For the most part, I could out-talk, outmaneuver and otherwise avoid those conflicts. But every once in a while they’d get me in a corner. Fortunately, although I personally did not have the fighting gene, one of my best friends did. Boy, did he.

Brad was like a swarthy, sneering, sarcastic cobra. He looked laid-back, but he was a tightly wound spring ready to fly into action with the slightest provocation. He wasn’t extraordinarily big or muscular. My father called him “wiry”. What he had was quickness and a fearless love of fighting. He never started one…. but he never passed one up either.

When we were 12 years old, Brad and some of his friends would steal away to the bathroom during study halls and lunch not to smoke but to fight. They would stand around and just take turns popping each other in the head. At the end of lunch, they’d all emerge, cheeks red, fists scraped and bleeding, and smiling like hell.

When it came to fighting, in some kind of strange symbiotic way – Brad and I needed each other. He kept me safe and I was the bait that lured in chances to enjoy his favorite hobby.

One night a few weeks after I had graduated from high school, a friend and I were engaging in that ever-popular Deadsville pastime of sitting in a parking lot and watching the cars go by. There were probably beers involved too.

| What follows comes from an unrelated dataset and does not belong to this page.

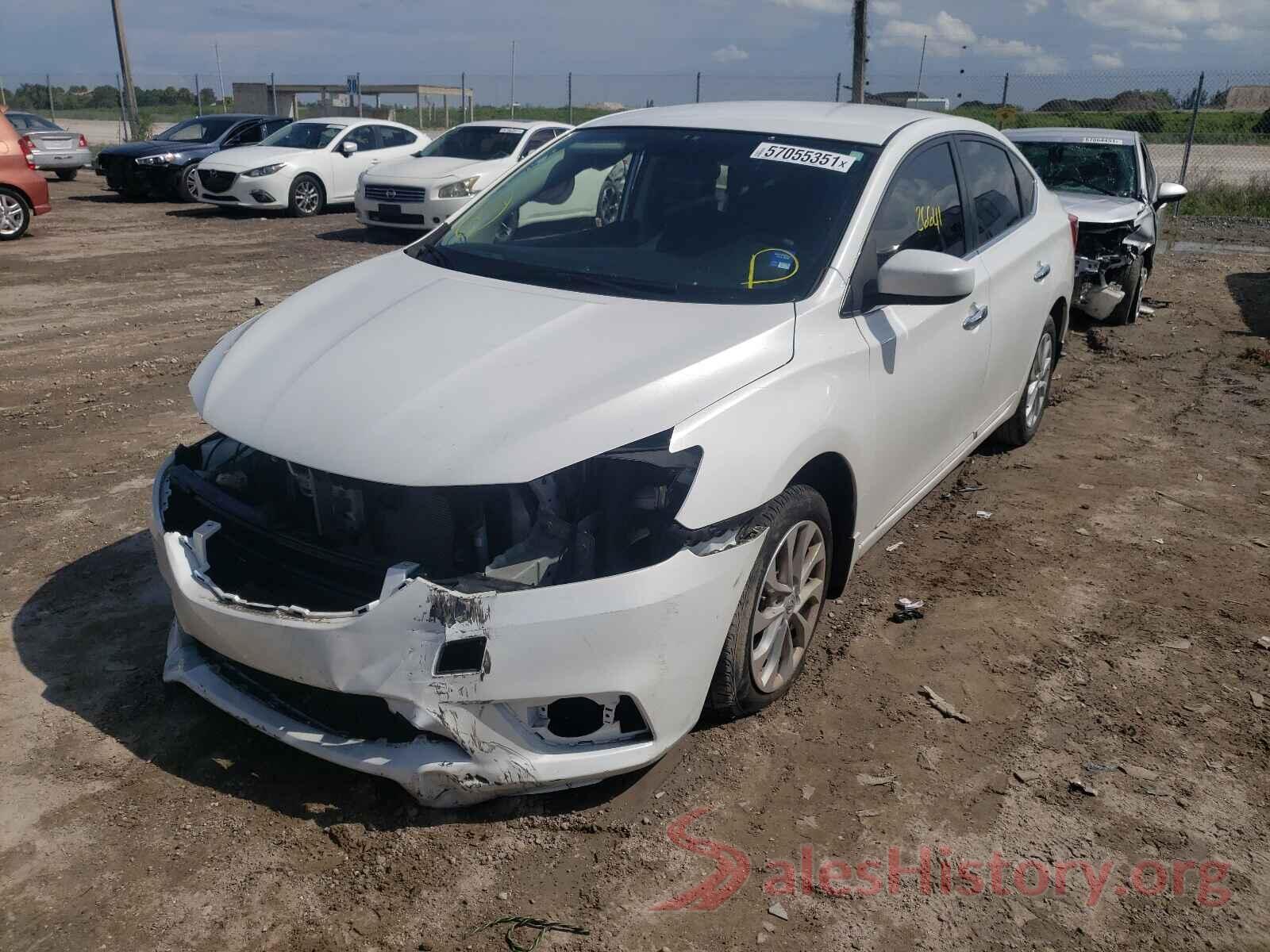 3N1AB7APXKL602271 2019 NISSAN SENTRA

As we sat there, two of these “family rivals” and an out-of-town guy I’d never seen before wandered over and started harassing us – getting up in our faces, giving small pushes and such. I was trying to talk my way out of it but things weren’t looking particularly hopeful. Two of the guys – a rival and the unfamiliar guy – were on me while the other rival had my friend. Just as things were looking quite dire, a familiar voice called out from behind the bullies; “is everything okay here?” The three guys whirled around and found Brad leaning casually on the roof of a car. In the dark, he didn’t look like much. Nonetheless, the two local guys started backing away…

You see, Brad had recently cemented his reputation as Bad-Ass #1. At a gravel pit party a few weeks before, someone started to give Brad crap. He, of course, gave it right back. He kinda had a gift for pissing people off when he wanted to. Before long all 20 of the guys there decided to shut him up. What they didn’t know was that 20 to 1 odds were just the kind he liked. When the first couple guys rushed him, he leapt into their midst like a madman, fists swinging and feet kicking. Ten minutes later they had had enough and called a truce. Brad was sore for a couple days (someone had slammed him into a car bumper) but he was never trifled with again.

The unfamiliar guy who had been harassing me looked like he wanted to take Brad on until one of the other guys said to him “no, you really don’t want to do that”. The two local bullies apologized for any misunderstandings and hurried away.

It’s a hard world out there – especially for a geeky, too tall, uncoordinated teenage boy. In a small town like Deadsville, people have to come together – as friends, communities, and neighbors – in order to survive, thrive and get their needs met. Brad and I had very little in common but he was one of my best friends all through high school. We were there for all of each other’s firsts: dates, being dumped, driver’s licenses, drinking, jobs, deaths, even marriages. We grew up together and always knew that we had each other’s backs. Even in a parking lot. In the dark. In Deadsville.